Der Harmony-Chip: So einfach funktioniert das Wunderding

D E R   H A R M O N Y – C H I P :

S O   E I N F A C H   F U N K T I O N I E R T   D A S   W U N D E R D I N G

Was steckt eigentlich genau hinter dem Harmony-Chip?

Um auf diese Frage eine Antwort zu geben, werfen wir einmal einen Blick in die Broschüren und Faltblätter, die das in London sitzende Unternehmen Harmony United Ltd. seinen Vertriebspartnern zur Verfügung stellt. Danach handelt es sich um ein ganz besonderes Produkt, das auf neuesten Erkenntnissen der Energiestrukturforschung beruht und das mithilfe einer ganz neuen Technologie zur Qualitätsoptimierung von Energiesystemen entwickelt wurde.

Vorder- und Rückseite des Harmony-Chips

Der 60 mal 35 Millimeter große Harmony Evolution: Oben die Vorderseite des Chips, unten die Rückseite mit dem rautenförmigen Energiefeld.
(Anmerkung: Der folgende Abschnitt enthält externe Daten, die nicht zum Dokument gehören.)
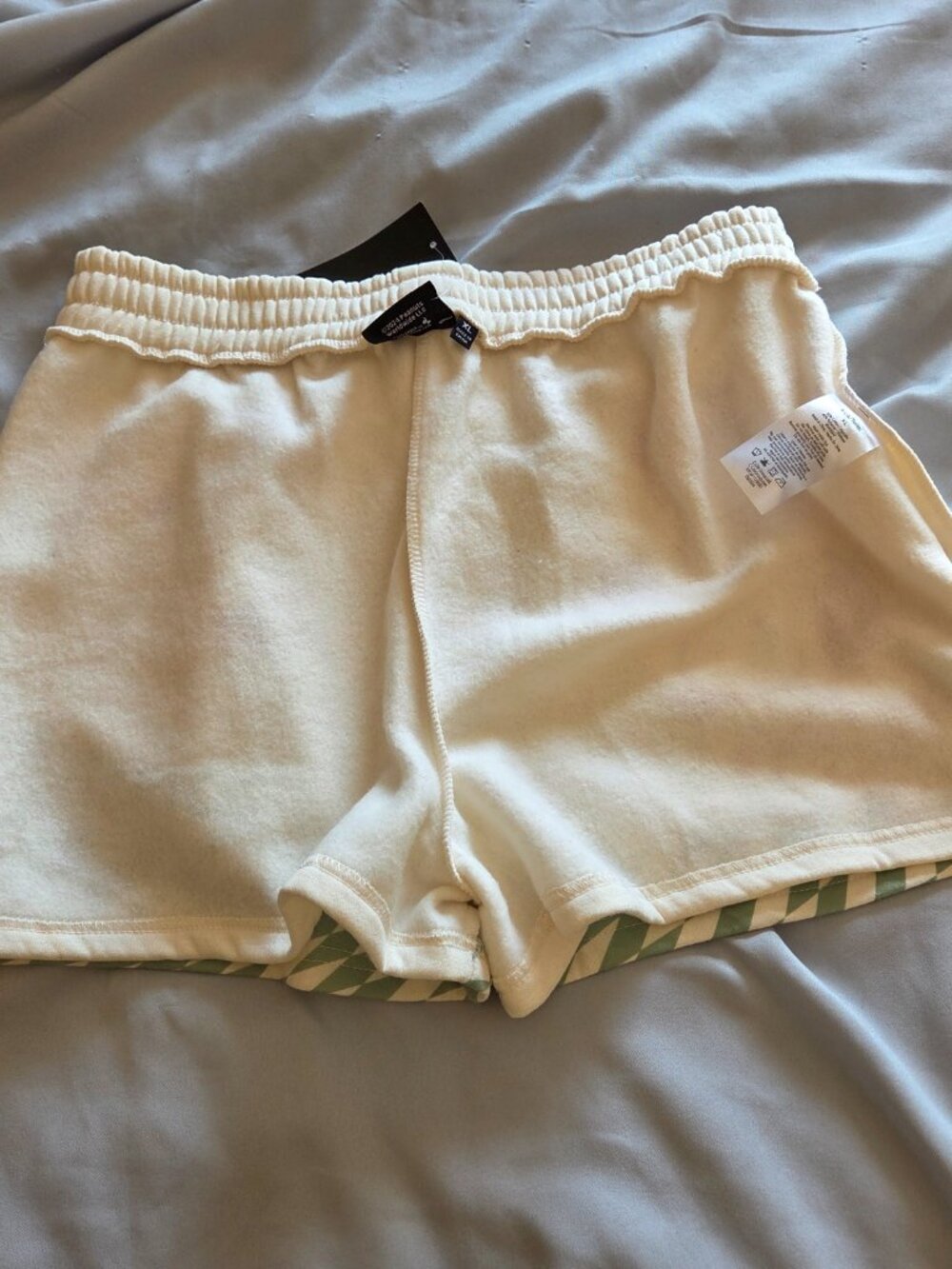 Women's XL Fleece Shorts Popular Well-Know Beagle Character - Picture 6 of 7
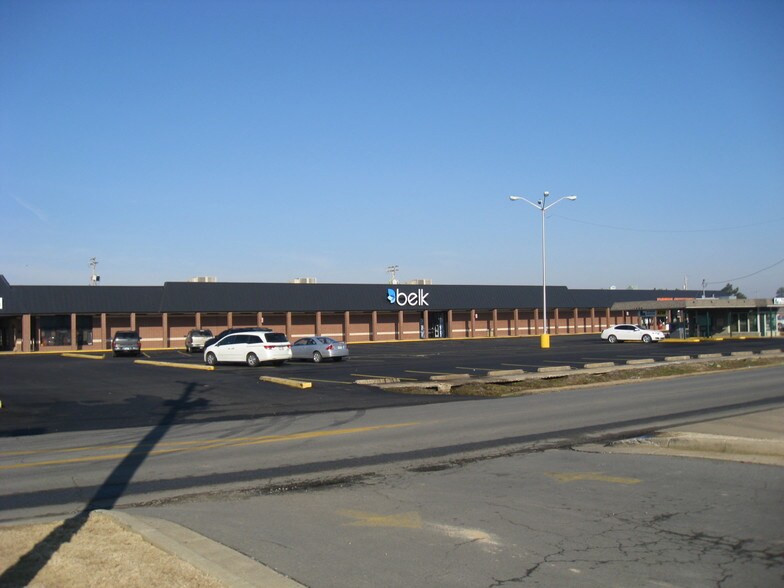 More Photos Of 2108-2120 S Buerkle St, Stuttgart Unknown For Lease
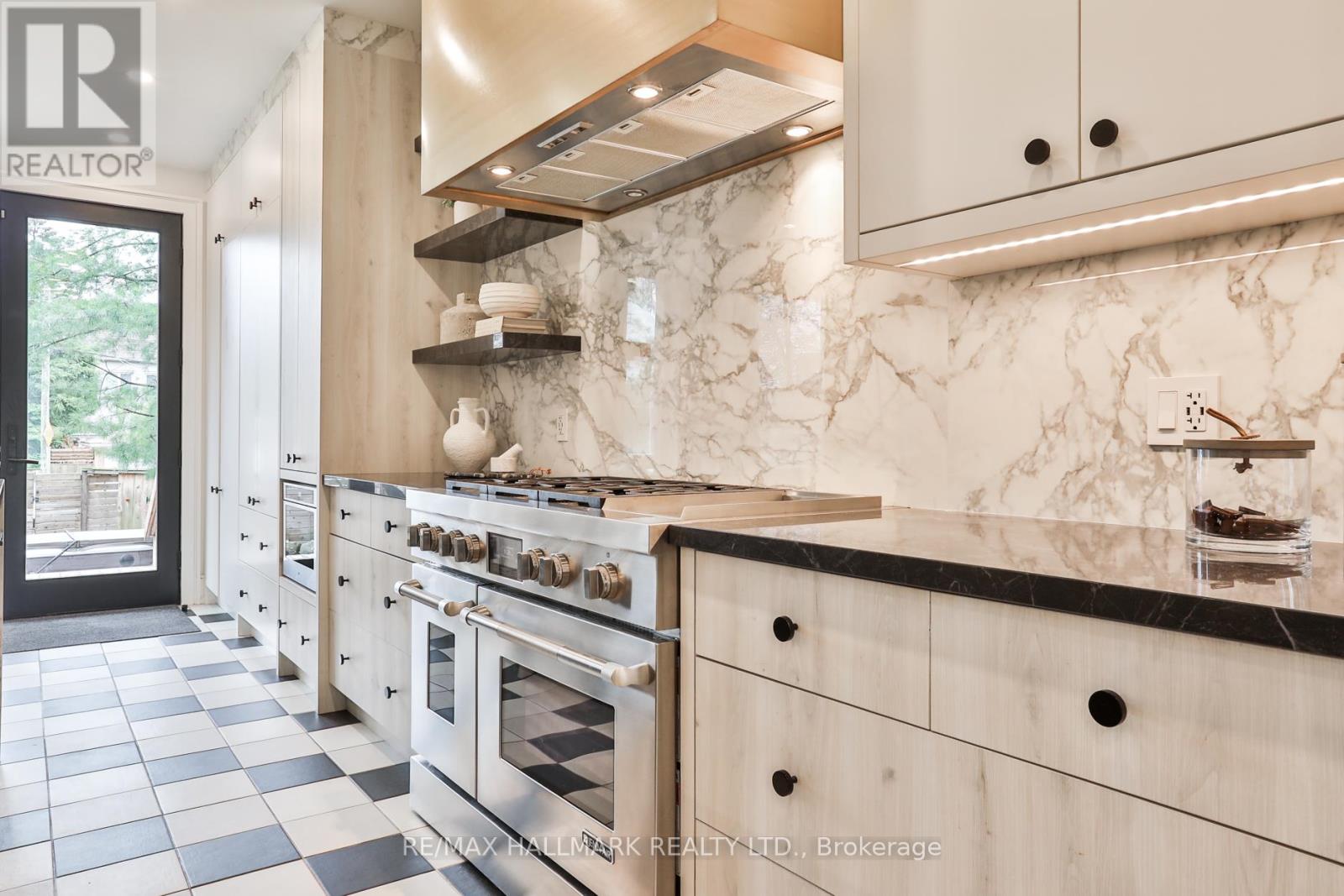 553 Davisville Avenue, Toronto, Ontario  M4S 1J2 - Photo 15 - C13008834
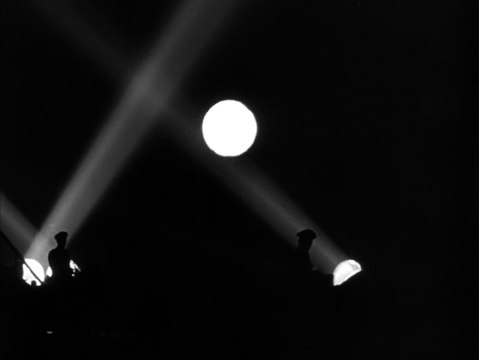 Quand la ville dort Bande-annonce VO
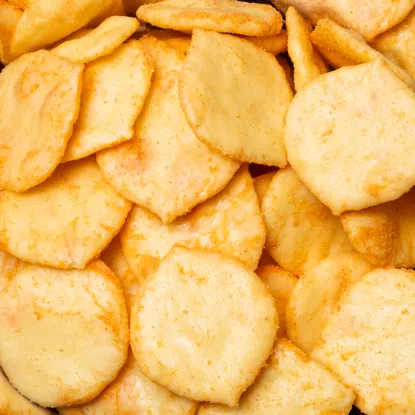 Crackers din porumb cu aromă de brânză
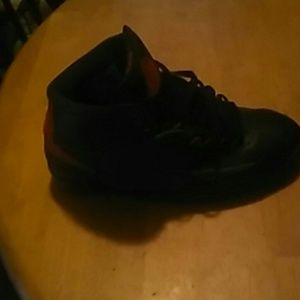 Men's jordans retro 2's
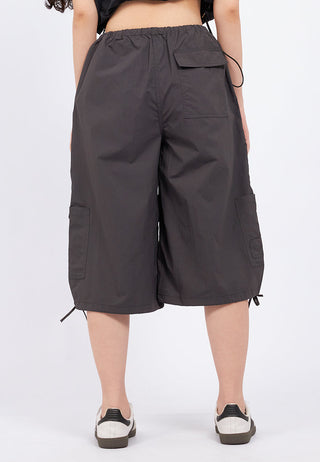 Drawstring Details Bermuda Pants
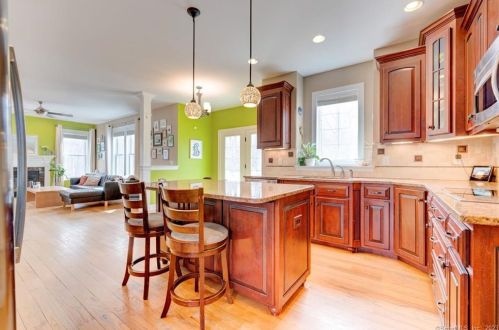 14 Farm Ridge Rd, Unionville CT  06013-2018 exterior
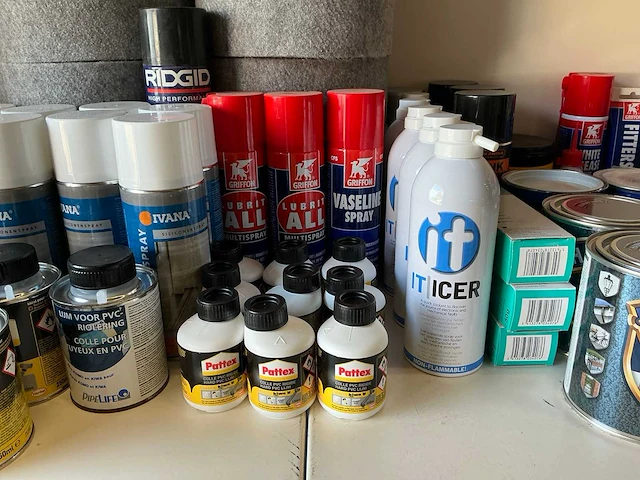 Partij diverse griffon/pattex/bison/hammerite/etc producten (86x) - afbeelding 13 van  14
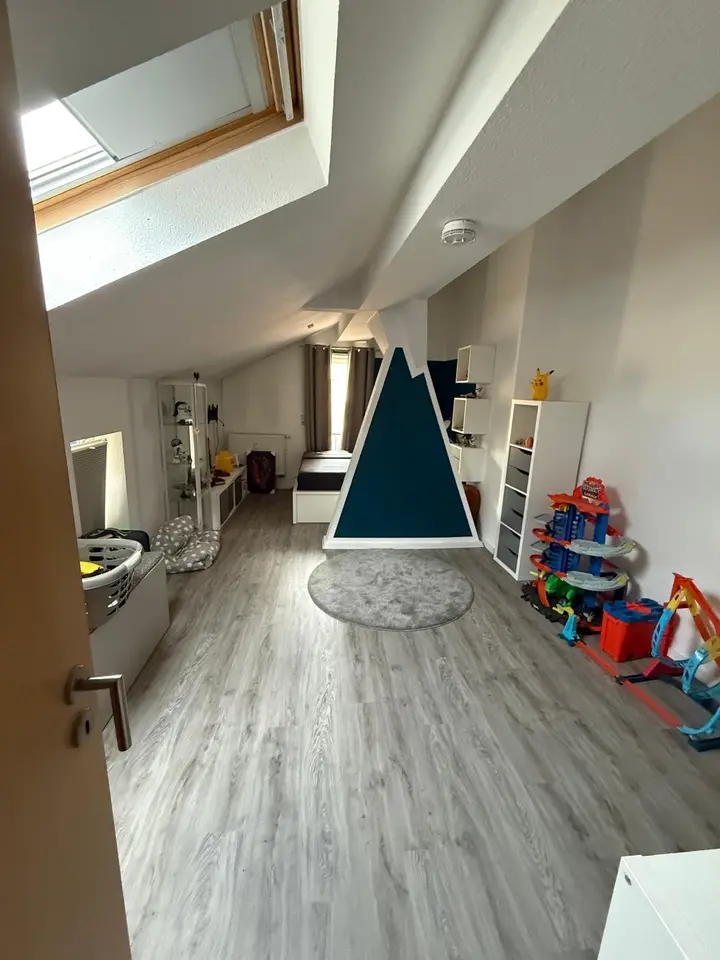 4 Zimmer Wohnung mit 123 m² in Gera – Bild 8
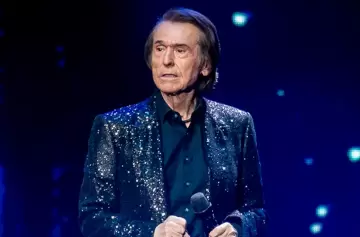 Raphael lucha contra un linfoma cerebral y suspende su gira internacional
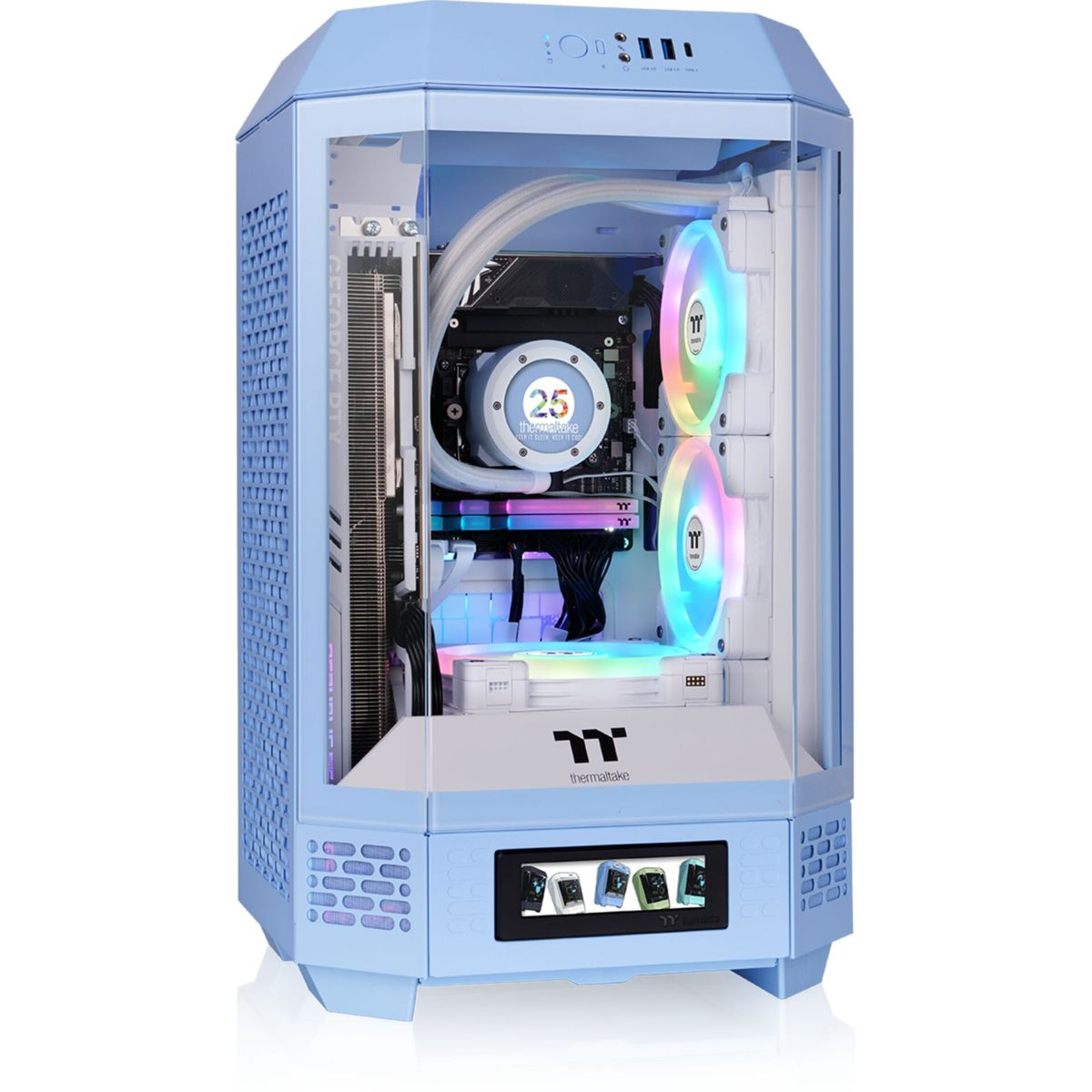 Un case per computer azzurro con componenti interni e due ventole RGB. Il logo Thermaltake è visibile.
Das Wunderding namens Harmony Evolution (siehe Foto) ist inzwischen ein vielfältig bewährtes und doch für die meisten Menschen noch neues Hilfsmittel zur ganzheitlichen Harmonisierung und Optimierung von Energieströmen aller Art. Die Funktionsweise des Harmony-Chips basiert auf physikalischen Grundlagen der Quantenphysik (Anmerkung: ein Teilgebiet der Physik, das sich mit dem Verhalten und der Wechselwirkung kleinster Teilchen befasst), der Kybernetik (Anmerkung: die Wissenschaft der Steuerung und Regelung von Maschinen, lebenden Organismen und sozialen Organisationen; der Begriff wird auch mit der Formel „die Kunst des Steuerns“ beschrieben) und der neuronalen Vernetzung (Anmerkung: die Struktur und Informationsarchitektur von Gehirn und Nervensystem), nach denen auch unsere Gehirnzellen arbeiten.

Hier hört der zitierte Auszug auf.